*** Block opens ***

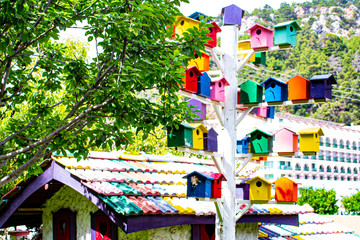 Fototapeta na wymiar A pillar with multicolored nesting boxes.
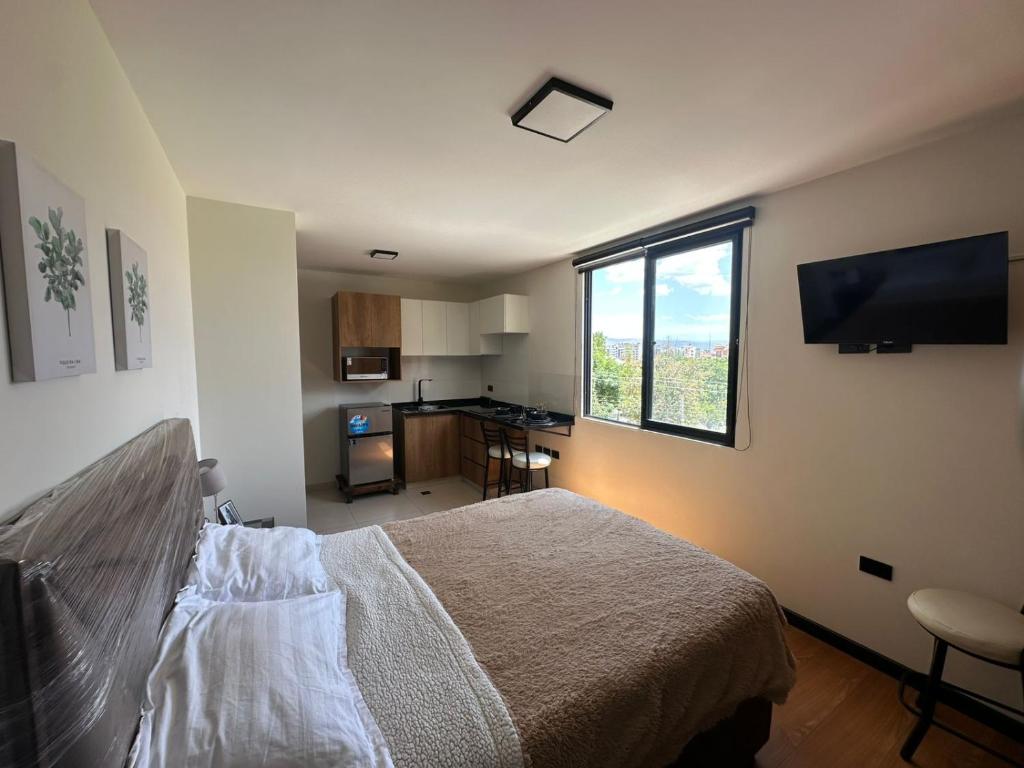 um quarto com uma cama e uma janela grande em Monoambiente moderno y ubicación ideal em Cochabamba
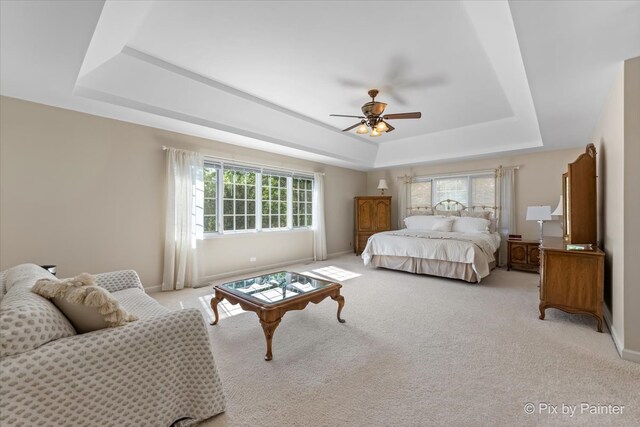 bedroom with multiple windows, light carpet, a tray ceiling, and ceiling fan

*** Block closes ***

## Problem:
Word for word, reproduce the material above and omit each image.

## Task response:
 Fototapeta na wymiar A pillar with multicolored nesting boxes.
 um quarto com uma cama e uma janela grande em Monoambiente moderno y ubicación ideal em Cochabamba
 bedroom with multiple windows, light carpet, a tray ceiling, and ceiling fan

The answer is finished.